## EXERCISE GOAL:
Please reproduce all of the listing below exactly and drop its images.

## INPUT DATA:
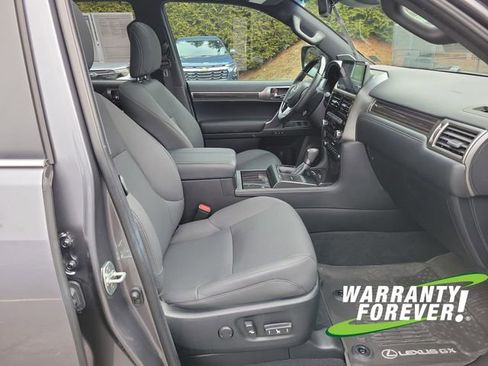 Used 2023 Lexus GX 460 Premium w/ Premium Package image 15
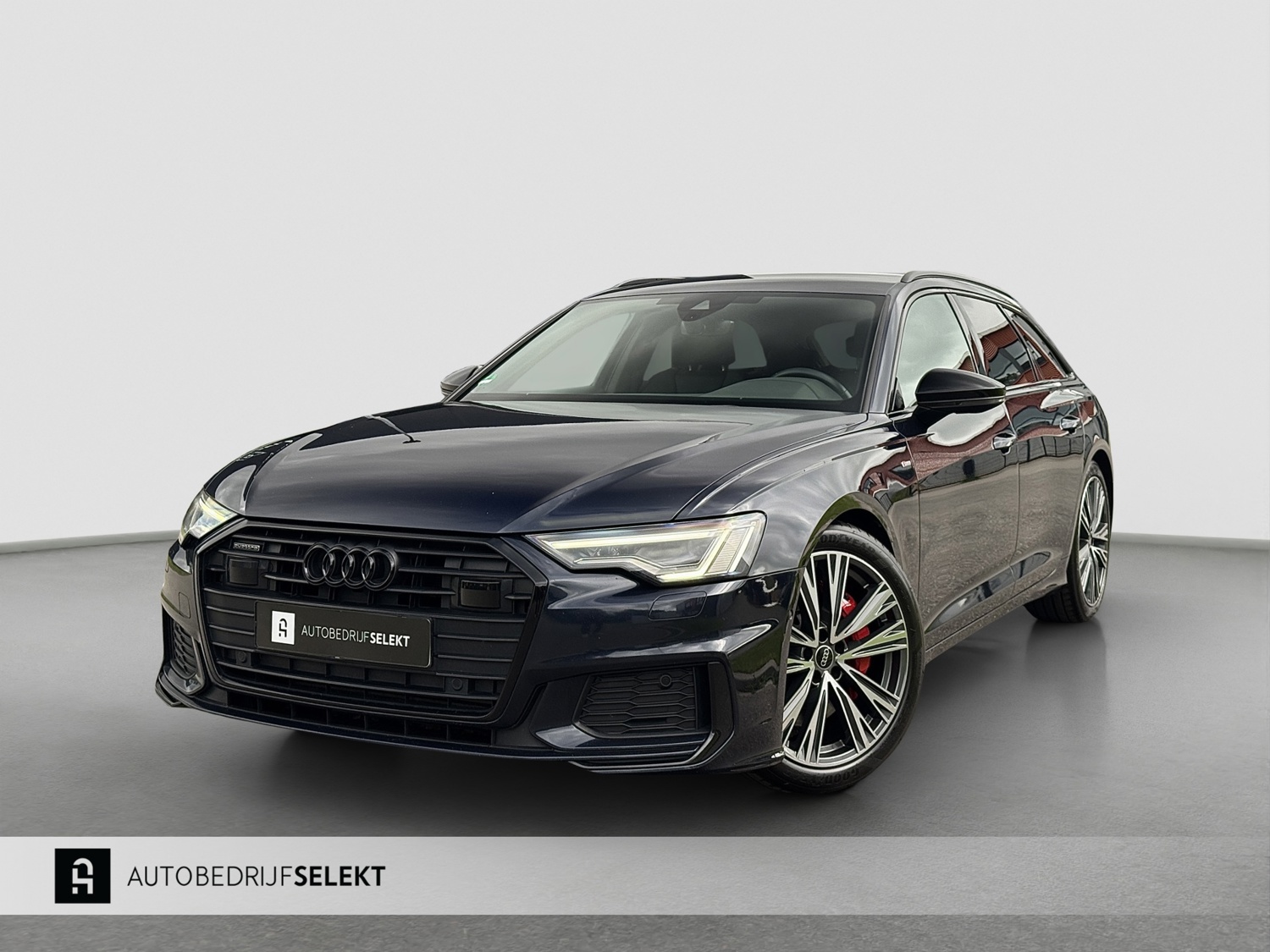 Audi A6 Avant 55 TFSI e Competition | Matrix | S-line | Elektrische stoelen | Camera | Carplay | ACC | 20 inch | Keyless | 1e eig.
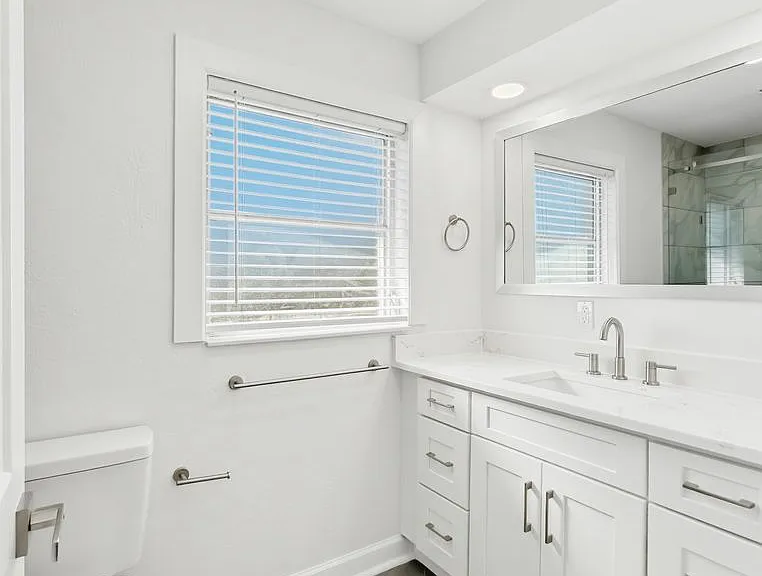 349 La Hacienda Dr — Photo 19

## REPLY TO THE TASK:
 Used 2023 Lexus GX 460 Premium w/ Premium Package image 15
 Audi A6 Avant 55 TFSI e Competition | Matrix | S-line | Elektrische stoelen | Camera | Carplay | ACC | 20 inch | Keyless | 1e eig.
 349 La Hacienda Dr — Photo 19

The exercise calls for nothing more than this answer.